■ Exercise requirements
Only one stretch of the data should be retyped: the lines from the line containing "Tension Headache Relief" through the line containing "Soutwest flight diverted". Keep pictures out of it.

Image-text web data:
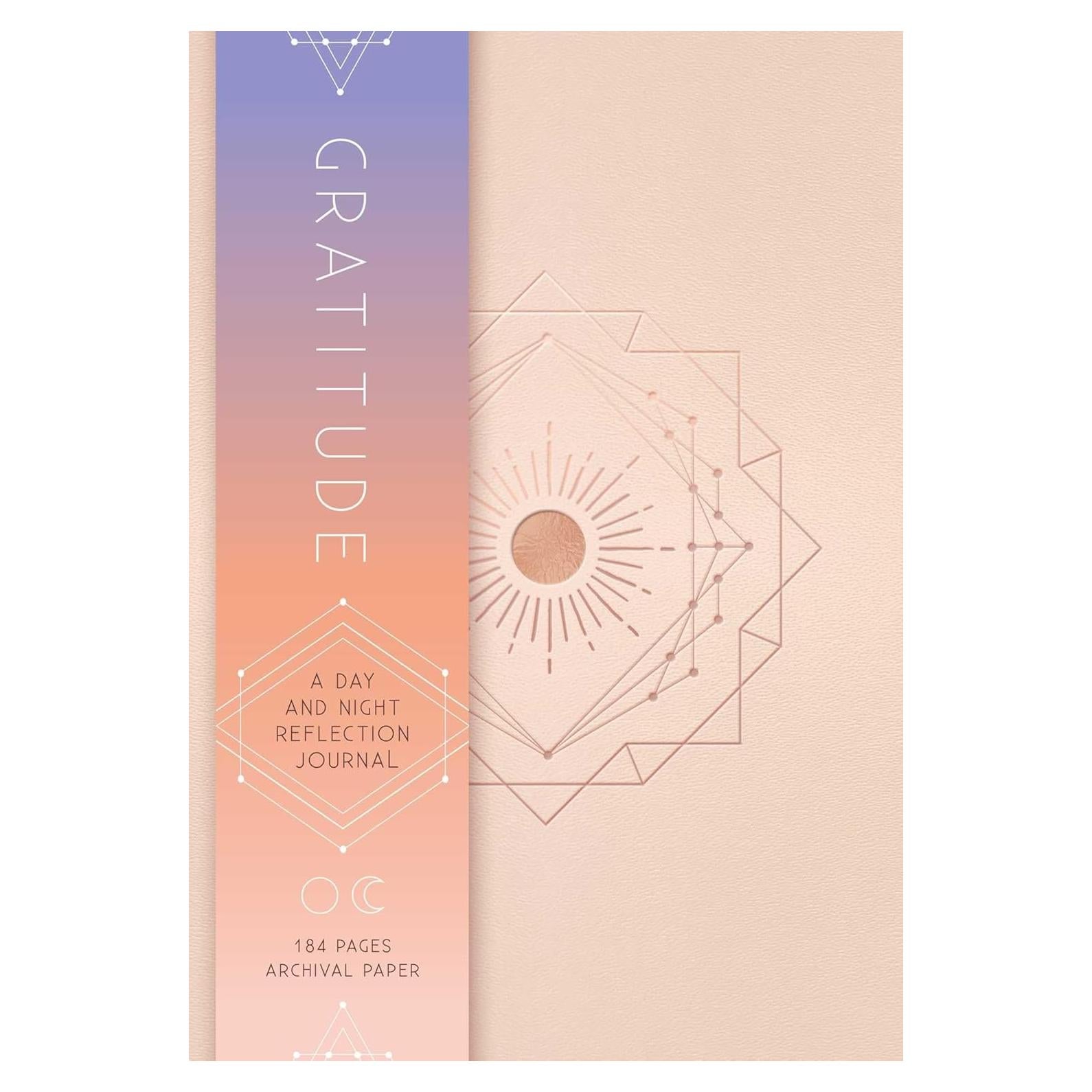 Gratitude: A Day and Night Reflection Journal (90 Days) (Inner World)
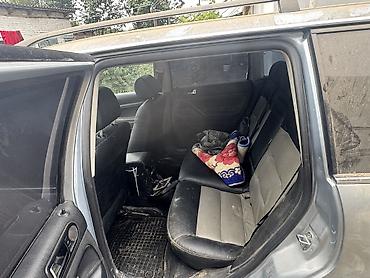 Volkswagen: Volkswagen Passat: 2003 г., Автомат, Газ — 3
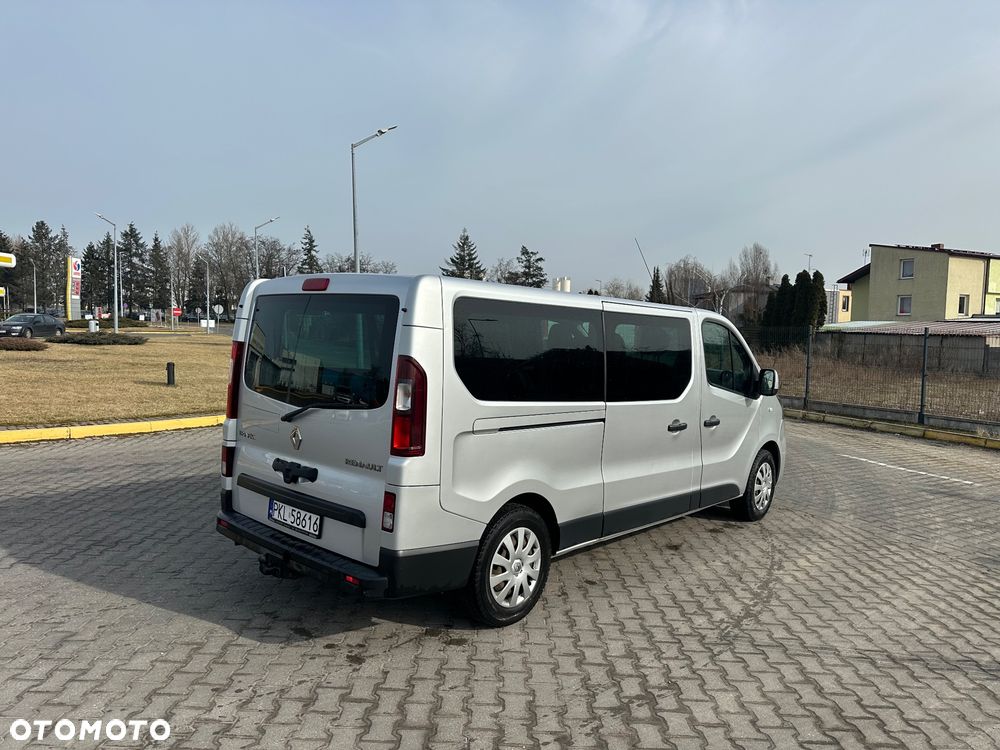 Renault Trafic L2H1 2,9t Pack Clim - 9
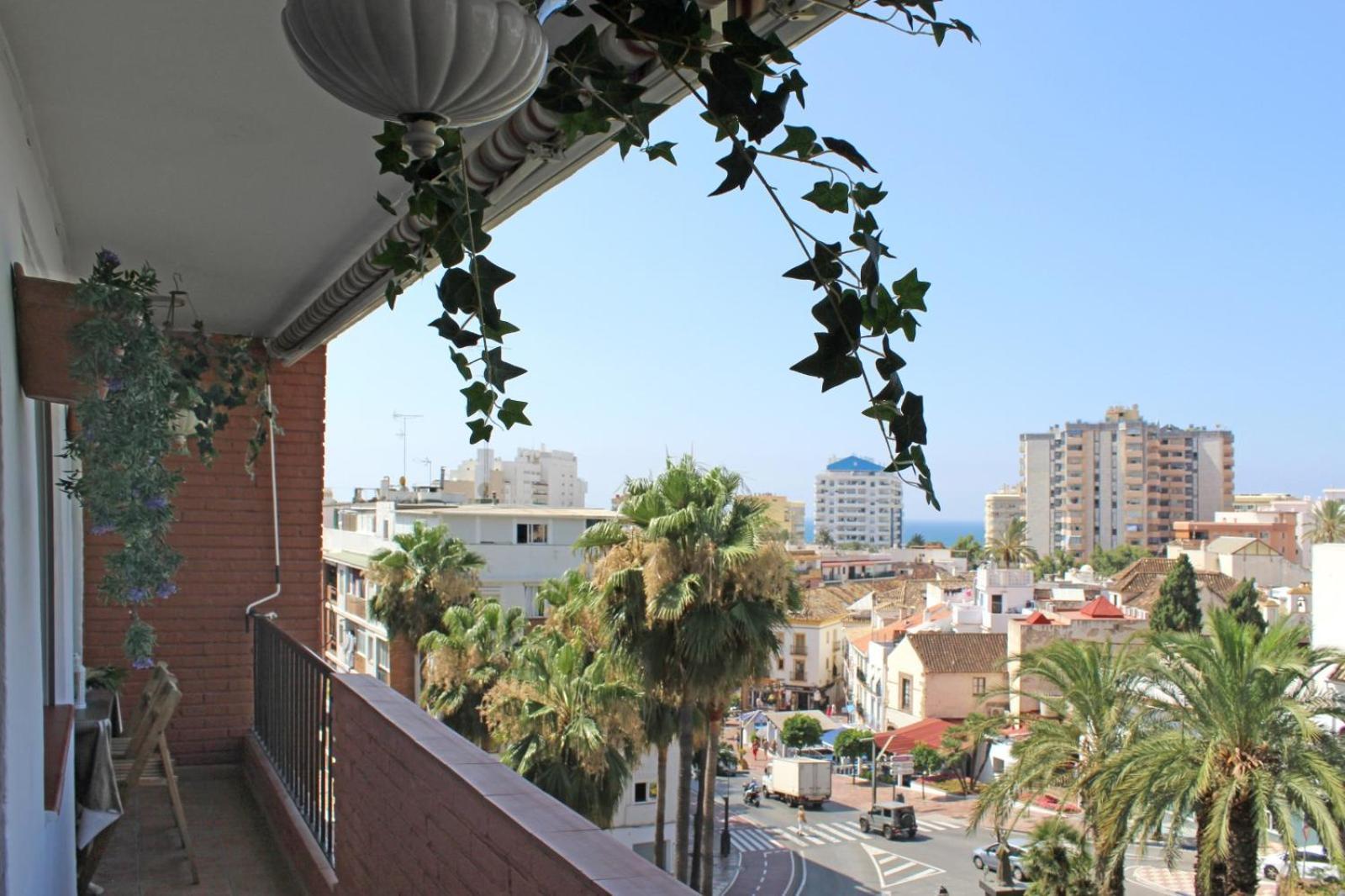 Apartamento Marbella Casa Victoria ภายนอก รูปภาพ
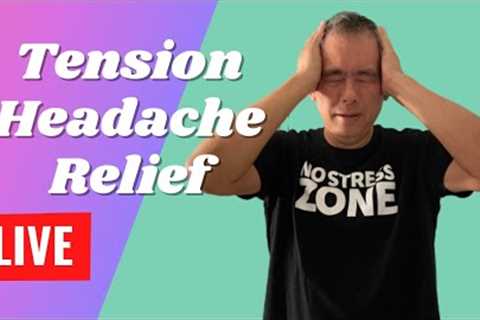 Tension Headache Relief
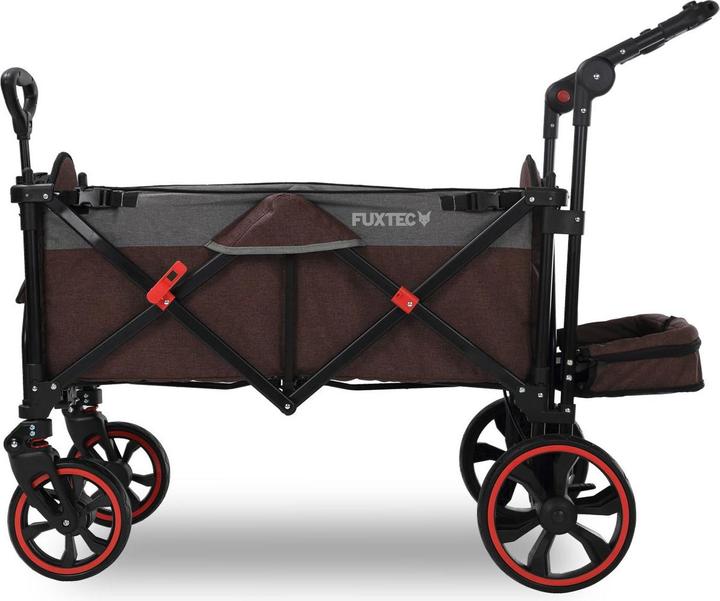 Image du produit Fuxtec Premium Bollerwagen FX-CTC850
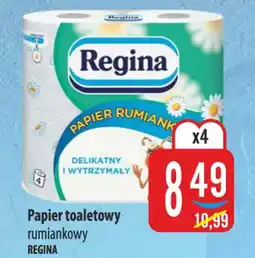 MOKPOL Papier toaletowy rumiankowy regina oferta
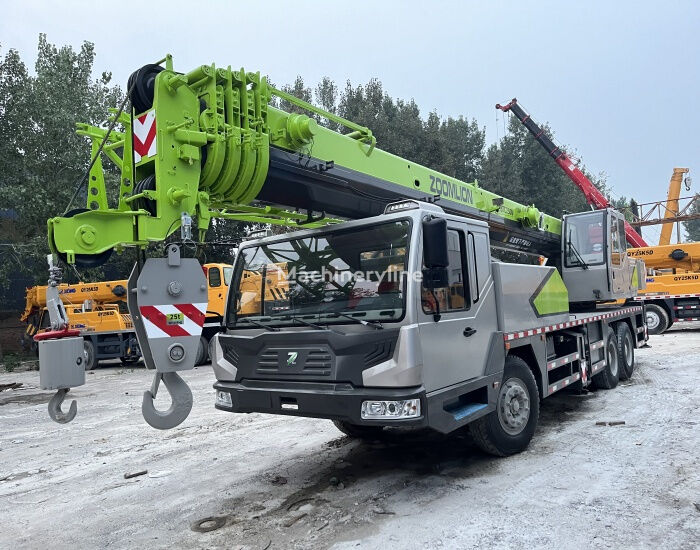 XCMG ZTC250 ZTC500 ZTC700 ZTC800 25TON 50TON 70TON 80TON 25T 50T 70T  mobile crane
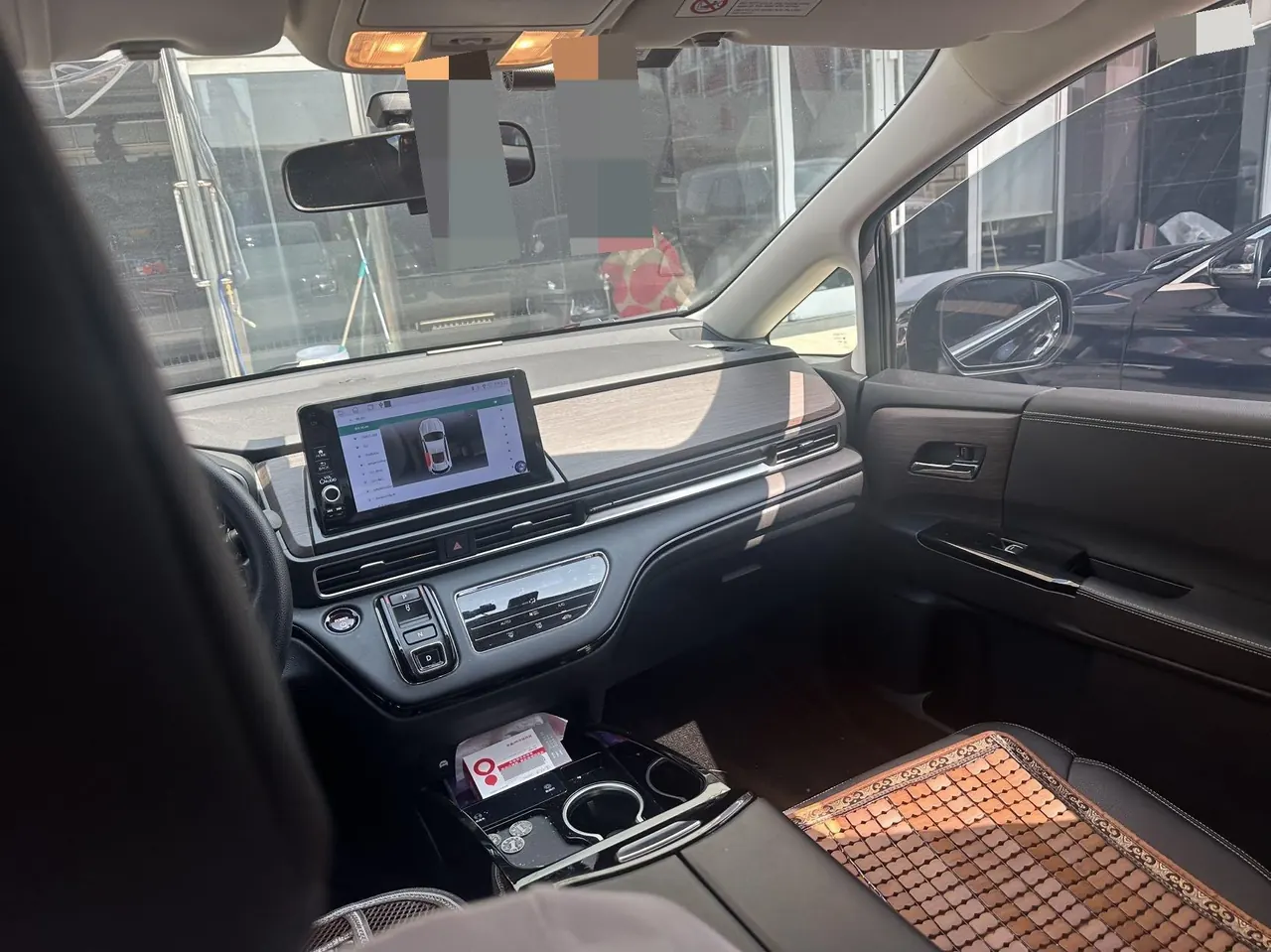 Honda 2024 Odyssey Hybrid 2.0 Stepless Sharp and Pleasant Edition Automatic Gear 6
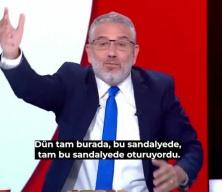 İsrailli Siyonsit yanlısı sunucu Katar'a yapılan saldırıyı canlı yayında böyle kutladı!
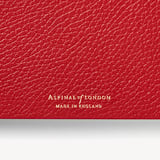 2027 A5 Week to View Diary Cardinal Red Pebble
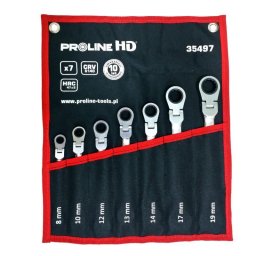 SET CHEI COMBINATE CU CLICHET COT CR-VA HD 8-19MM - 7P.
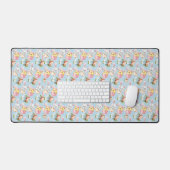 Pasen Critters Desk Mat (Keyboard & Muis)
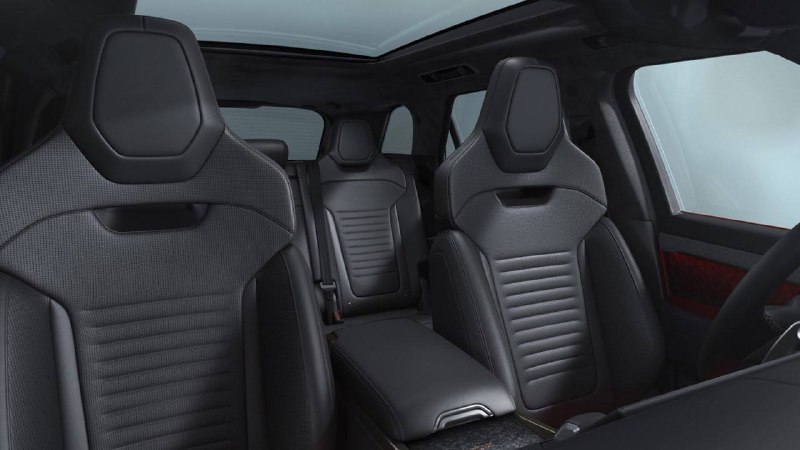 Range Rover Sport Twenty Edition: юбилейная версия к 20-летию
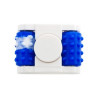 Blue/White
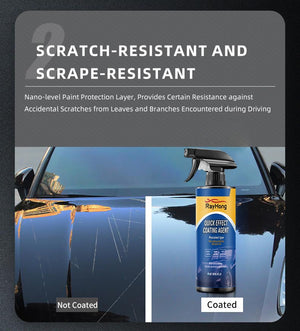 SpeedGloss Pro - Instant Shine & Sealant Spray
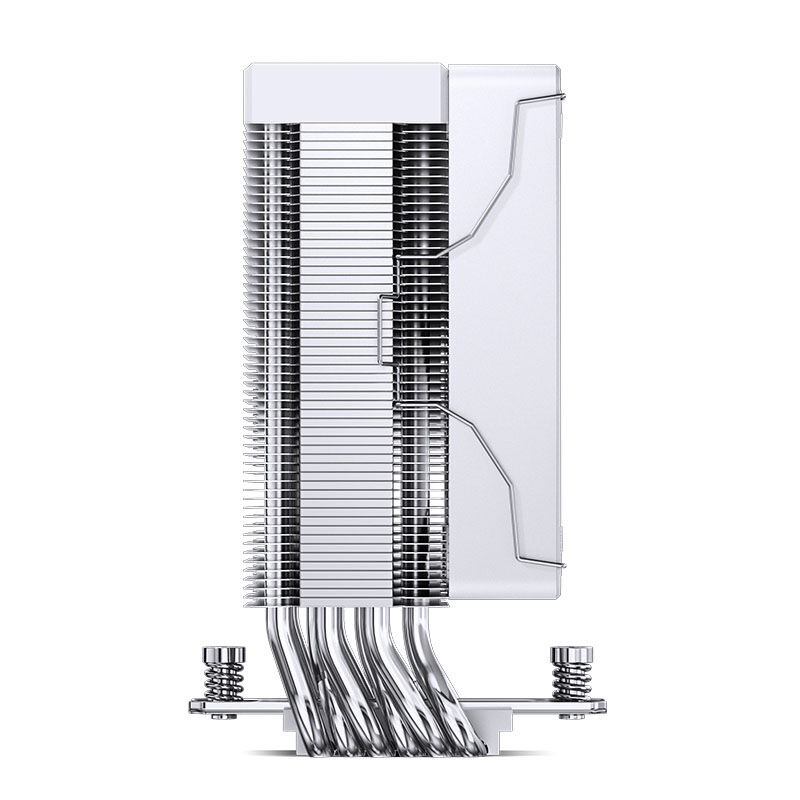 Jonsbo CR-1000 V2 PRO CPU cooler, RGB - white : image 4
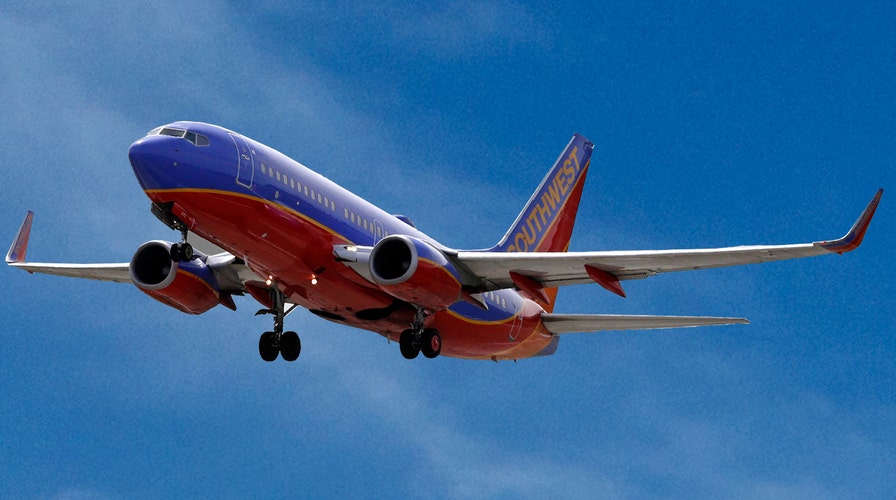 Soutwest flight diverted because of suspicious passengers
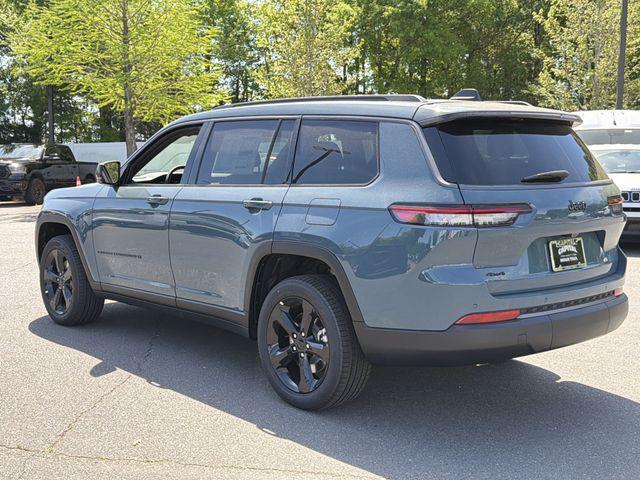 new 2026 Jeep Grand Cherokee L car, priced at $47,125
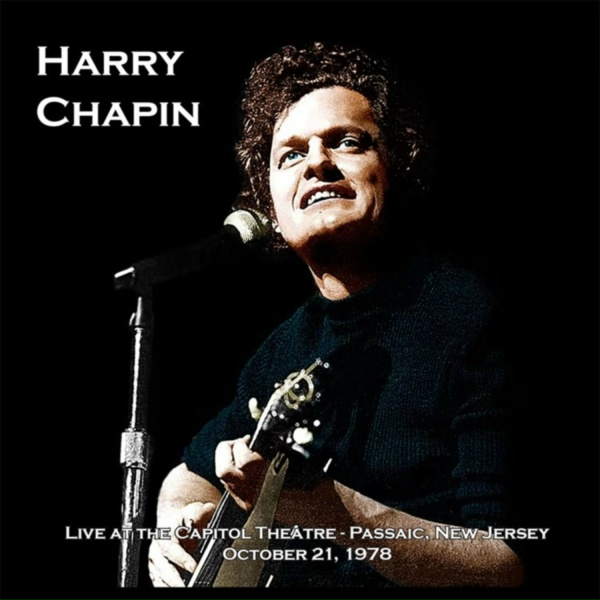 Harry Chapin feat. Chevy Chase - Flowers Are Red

■ Answer box
 Tension Headache Relief
 Image du produit Fuxtec Premium Bollerwagen FX-CTC850
 MOKPOL Papier toaletowy rumiankowy regina oferta
 XCMG ZTC250 ZTC500 ZTC700 ZTC800 25TON 50TON 70TON 80TON 25T 50T 70T  mobile crane
 Honda 2024 Odyssey Hybrid 2.0 Stepless Sharp and Pleasant Edition Automatic Gear 6
 İsrailli Siyonsit yanlısı sunucu Katar'a yapılan saldırıyı canlı yayında böyle kutladı!
 2027 A5 Week to View Diary Cardinal Red Pebble
 SET CHEI COMBINATE CU CLICHET COT CR-VA HD 8-19MM - 7P.
 Pasen Critters Desk Mat (Keyboard & Muis)
 Range Rover Sport Twenty Edition: юбилейная версия к 20-летию
 Blue/White
 SpeedGloss Pro - Instant Shine & Sealant Spray
 Jonsbo CR-1000 V2 PRO CPU cooler, RGB - white : image 4
 Soutwest flight diverted because of suspicious passengers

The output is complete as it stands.